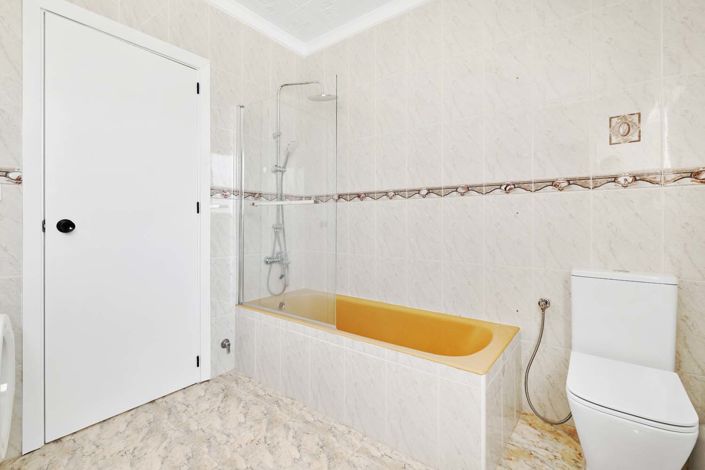 Image No.39-6 Bed Villa for sale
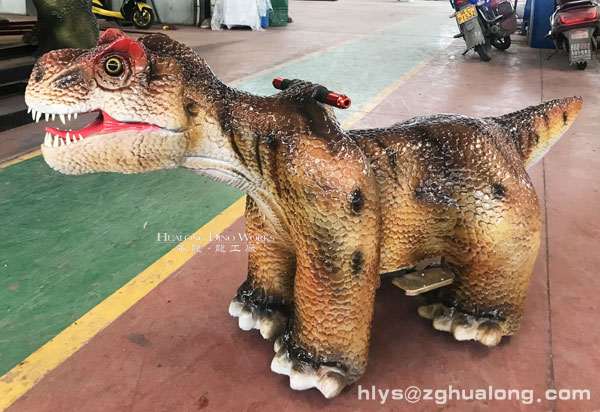 华龙艺术效果逼真的霸王龙跑跑车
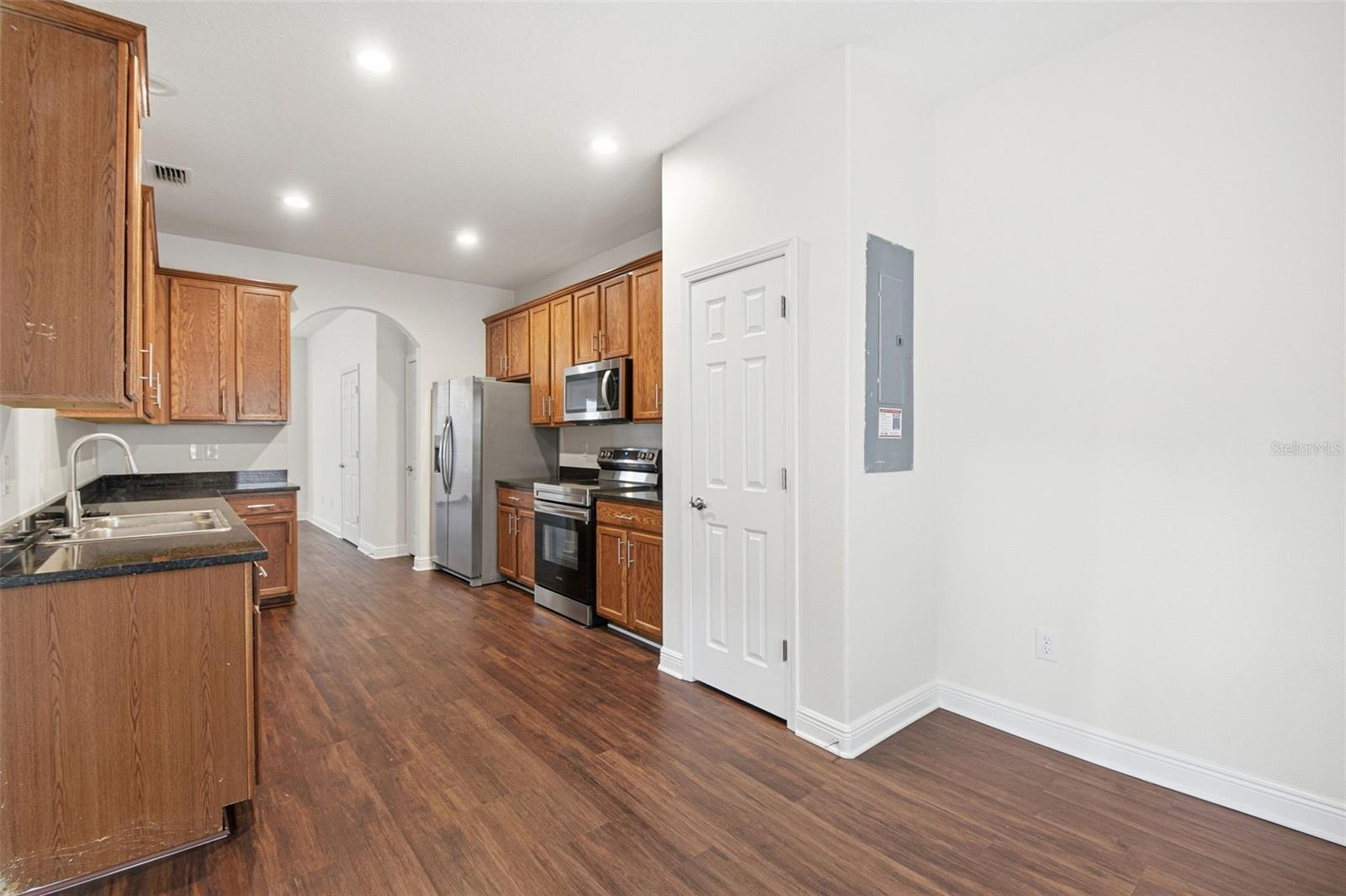 HAMPTON LAKES AT MAIN STREET - Residential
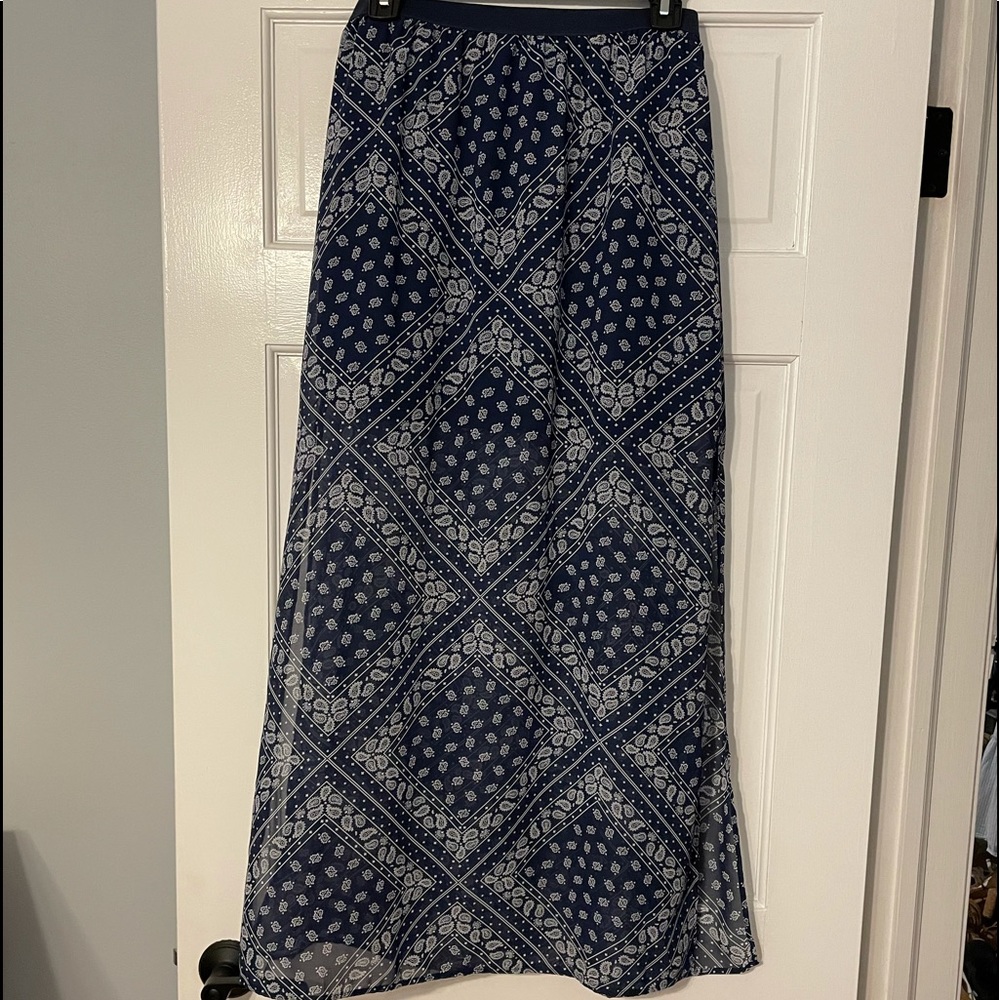 H&M Navy and White Maxi Skirt 8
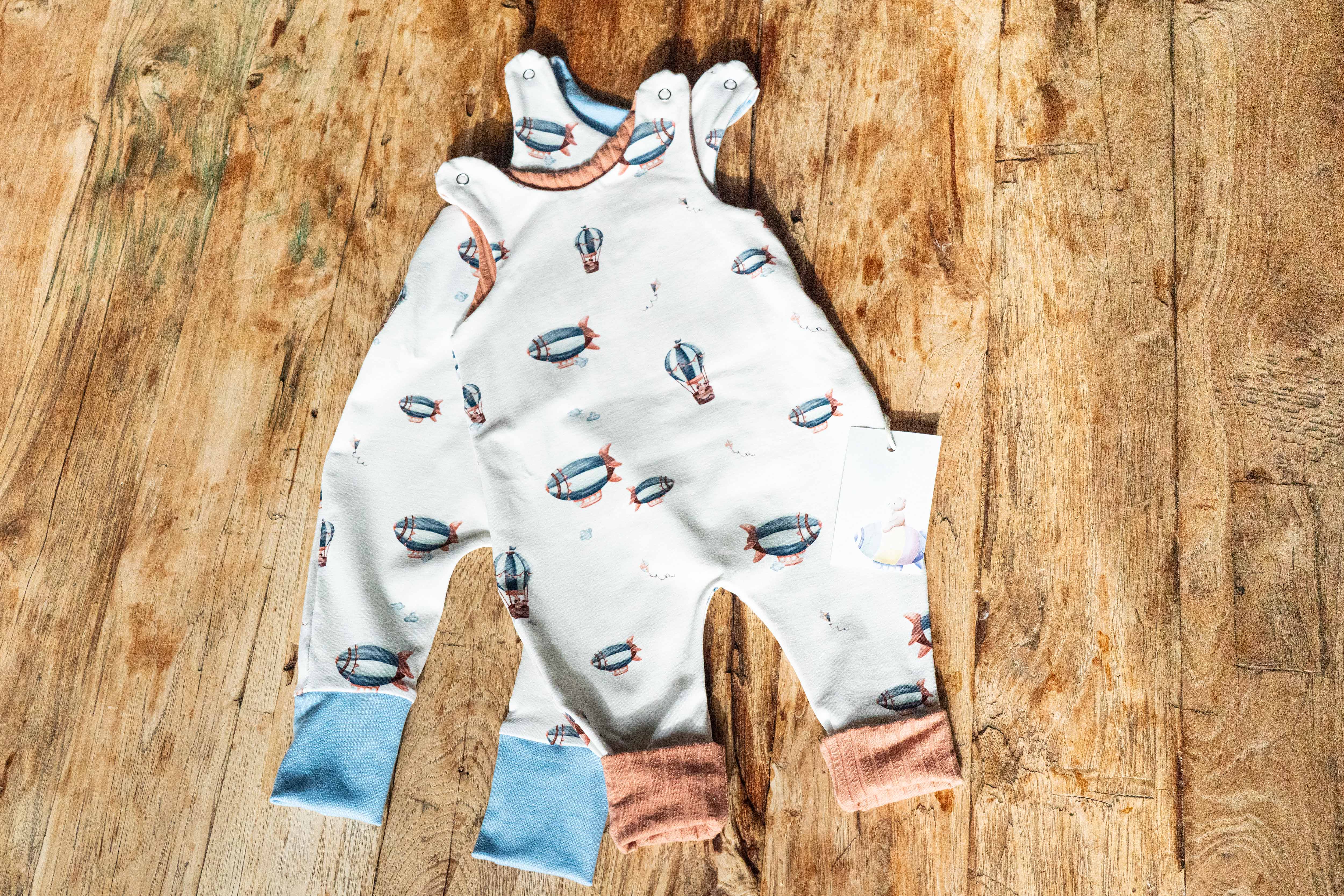 Zeppelin Strampler - HANDMADE- beige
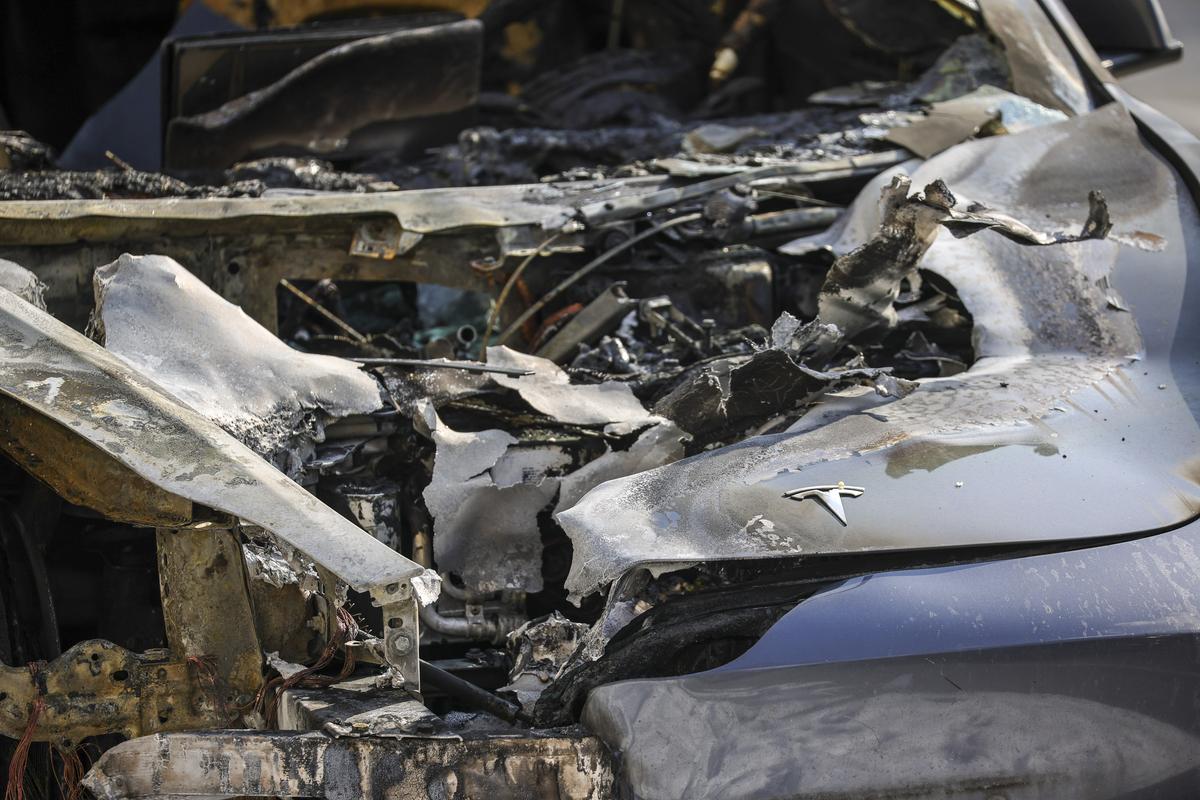 Tesla incendiate în Berlin / foto: Guliver/gettyimages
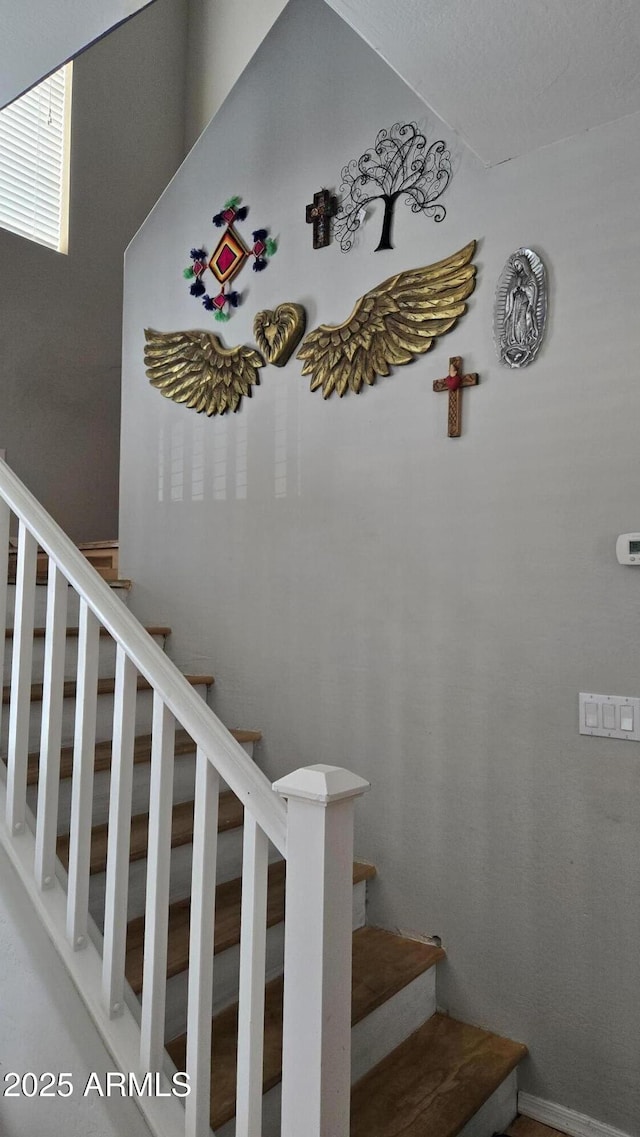 10036 W Chipman Rd, Tolleson, AZ 85353 - view of stairway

## AIM OF THE TASK
From the first line to the last, repeat the records exactly, leaving out the pictures.

## RESULT OF THIS TASK
 Image No.39-6 Bed Villa for sale
 华龙艺术效果逼真的霸王龙跑跑车
 HAMPTON LAKES AT MAIN STREET - Residential
 H&M Navy and White Maxi Skirt 8
 Zeppelin Strampler - HANDMADE- beige
 Tesla incendiate în Berlin / foto: Guliver/gettyimages
 10036 W Chipman Rd, Tolleson, AZ 85353 - view of stairway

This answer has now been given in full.